En las pompas fúnebres existe una meta común en todas las compañías: tener el féretro abierto si así lo quiere la familia. “Si la situación es muy difícil, lo que hay que hacer es informar: ‘Mire, hemos hecho lo que hemos podido, pero pensamos que el difunto no se puede presentar y es mejor que no lo vean”, refleja Josep Ventura, del grupo Áltima.

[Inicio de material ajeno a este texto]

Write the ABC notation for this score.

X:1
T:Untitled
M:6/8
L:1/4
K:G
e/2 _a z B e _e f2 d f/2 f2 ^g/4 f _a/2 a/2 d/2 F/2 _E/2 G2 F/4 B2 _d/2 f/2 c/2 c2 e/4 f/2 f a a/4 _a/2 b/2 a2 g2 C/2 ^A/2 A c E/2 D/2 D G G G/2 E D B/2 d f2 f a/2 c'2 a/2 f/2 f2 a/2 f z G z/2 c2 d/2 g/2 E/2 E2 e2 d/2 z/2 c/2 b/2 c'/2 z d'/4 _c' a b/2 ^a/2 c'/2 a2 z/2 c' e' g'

Antes de que un cuerpo llegue a la mesa del tanatorio, suceden cosas que parecen imposibles. Lo cuenta el bombero gallego Sergio Pérez. “A mí alguna vez me ha pasado enseñarme la documentación el [guardia civil] de Tráfico y decirme: ‘¿Es este el que conduce?’. Y decir yo: ‘Uf, no lo sé’. Y te dicen: ‘Joder, tío, eres tonto. ¿No ves si es este el del coche?’. ‘Tío, míralo tú’. ‘Pues es verdad, no lo sé’. O sea, a lo mejor impactó con la barbilla en el salpicadero y la barbilla le quedó en la frente y está deformado completamente”, recuerda con crudeza Pérez, que teme más que nada los veranos, con chavales de 18 años y “carros recién comprados”, días más largos, “tomar una cañita”, las fiestas del pueblo de al lado, la playa. Julio y agosto concentran las muertes en la carretera; en 2024, el 20,9% de los fallecimientos en vías interurbanas se produjeron en esos dos meses.

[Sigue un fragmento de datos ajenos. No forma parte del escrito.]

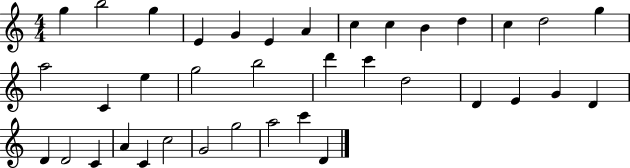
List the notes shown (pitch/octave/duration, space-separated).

G5/q B5/h G5/q E4/q G4/q E4/q A4/q C5/q C5/q B4/q D5/q C5/q D5/h G5/q A5/h C4/q E5/q G5/h B5/h D6/q C6/q D5/h D4/q E4/q G4/q D4/q D4/q D4/h C4/q A4/q C4/q C5/h G4/h G5/h A5/h C6/q D4/q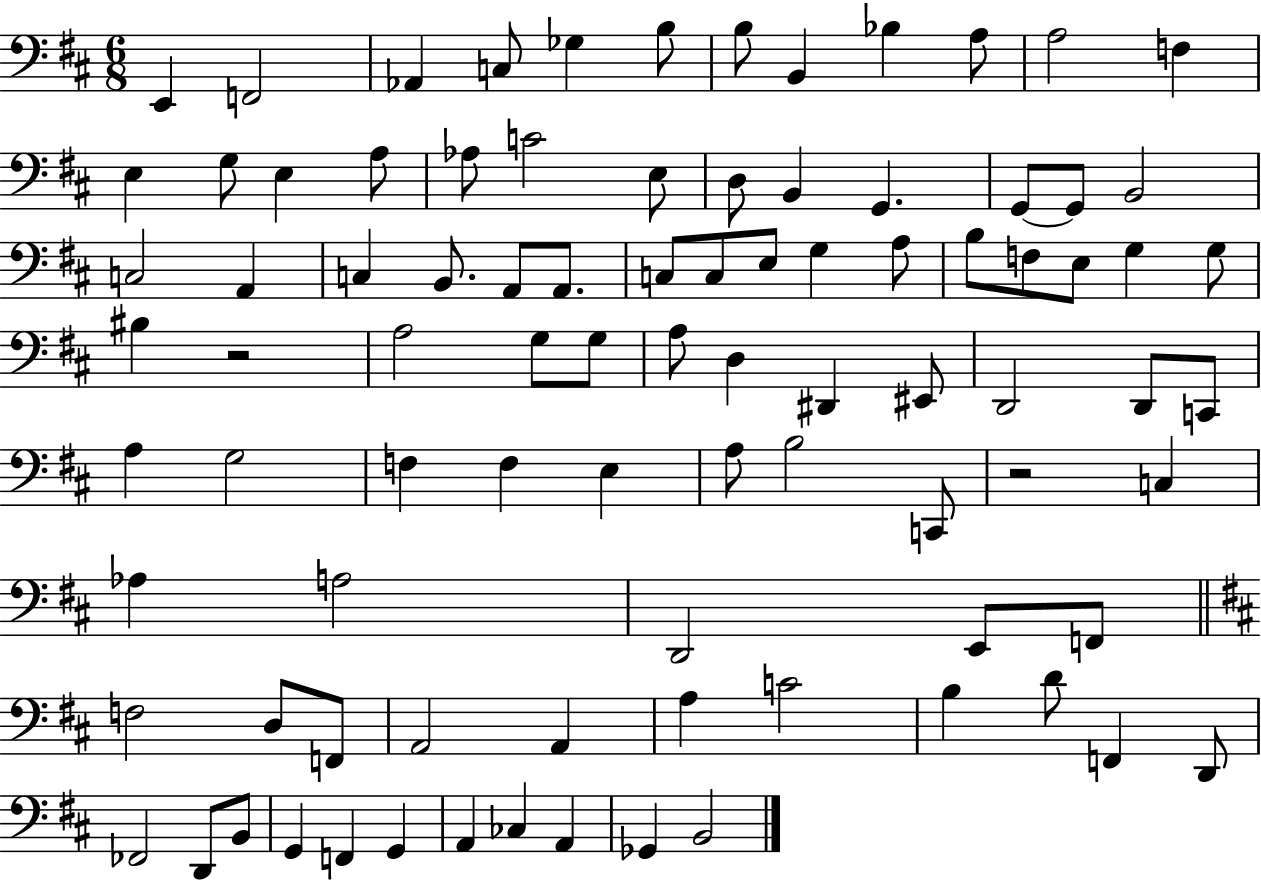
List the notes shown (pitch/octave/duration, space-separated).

E2/q F2/h Ab2/q C3/e Gb3/q B3/e B3/e B2/q Bb3/q A3/e A3/h F3/q E3/q G3/e E3/q A3/e Ab3/e C4/h E3/e D3/e B2/q G2/q. G2/e G2/e B2/h C3/h A2/q C3/q B2/e. A2/e A2/e. C3/e C3/e E3/e G3/q A3/e B3/e F3/e E3/e G3/q G3/e BIS3/q R/h A3/h G3/e G3/e A3/e D3/q D#2/q EIS2/e D2/h D2/e C2/e A3/q G3/h F3/q F3/q E3/q A3/e B3/h C2/e R/h C3/q Ab3/q A3/h D2/h E2/e F2/e F3/h D3/e F2/e A2/h A2/q A3/q C4/h B3/q D4/e F2/q D2/e FES2/h D2/e B2/e G2/q F2/q G2/q A2/q CES3/q A2/q Gb2/q B2/h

—¿Los casos más duros los ha visto en verano?
—No sé. Mira, me tocó hace un tiempo un accidente de un chaval que tenía 19 años. El coche salió volando y le quedó encima, el niño aplastado por el coche estaba fallecido… Lo más jodido que pude vivir fue el móvil del chaval al lado. Créeme que sonaba cada minuto y mirabas el teléfono y ponía ‘Mamá’, y al rato ‘Papá’… Así. Y la sensación esa de que tú lo estás sacando y piensas: “¿Quién es el que le va a decir a esta familia que su hijo está muerto?”.

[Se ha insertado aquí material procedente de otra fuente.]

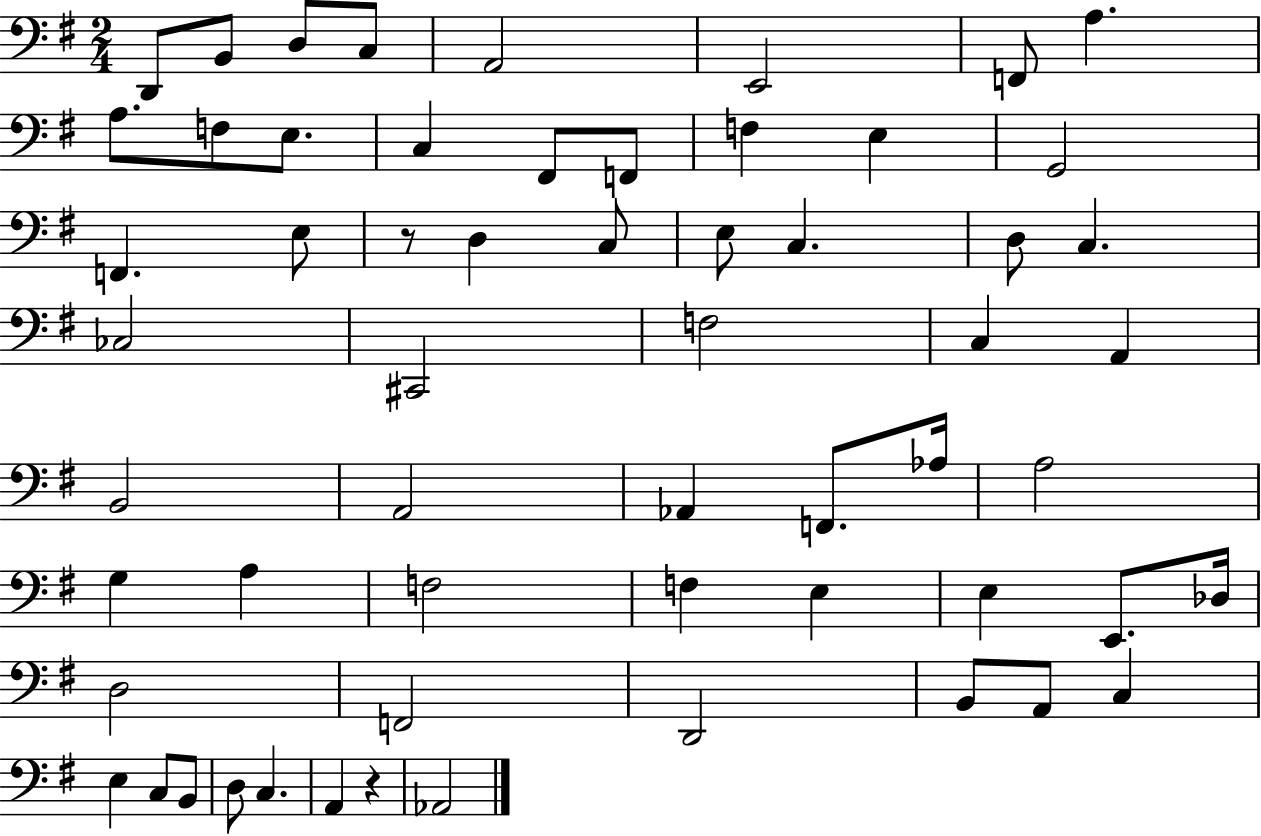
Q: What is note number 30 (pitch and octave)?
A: A2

La negociación en el duelo: “¿Y si…?”
En las víctimas colaterales de un siniestro de tráfico son comunes la incomprensión y la culpa, y así se negocia con el dolor: “¿Y si yo hubiera hecho esto? ¿Y si hubiera hecho lo otro? ¿Y si…?’. Aparece mucho esta pregunta”, reseña la coordinadora de la asociación AVES, Mot Montoriol, que organiza grupos de apoyo mutuo para familiares que acaban de perder a un ser querido. Yolanda Doménech, directora de la asociación Prevención de Accidentes de Tráfico, sostiene que los siniestros viales compiten en dolor con las muertes más duras de la escala NASH (acrónimo de natural, accidente, suicidio y homicidio). “En los casos más graves, los procesos legales se alargan hasta cuatro años, lo que genera un daño que no aparece en otras pérdidas. Y muchos casos acaban tipificados como homicidios imprudentes, con lo cual estamos hablando del duelo más complicado”, asegura Doménech. A los grupos de AVES llegan personas hasta dos años después de un siniestro, cuando ya ven que no pueden enfrentarse al dolor y a la cotidianidad. “Entran aquí sobreviviendo. Nuestra intención es que puedan vivir de nuevo”, explica Montoriol. El camino no es fácil, pero la mayoría de los participantes logra sanar aproximadamente en un año.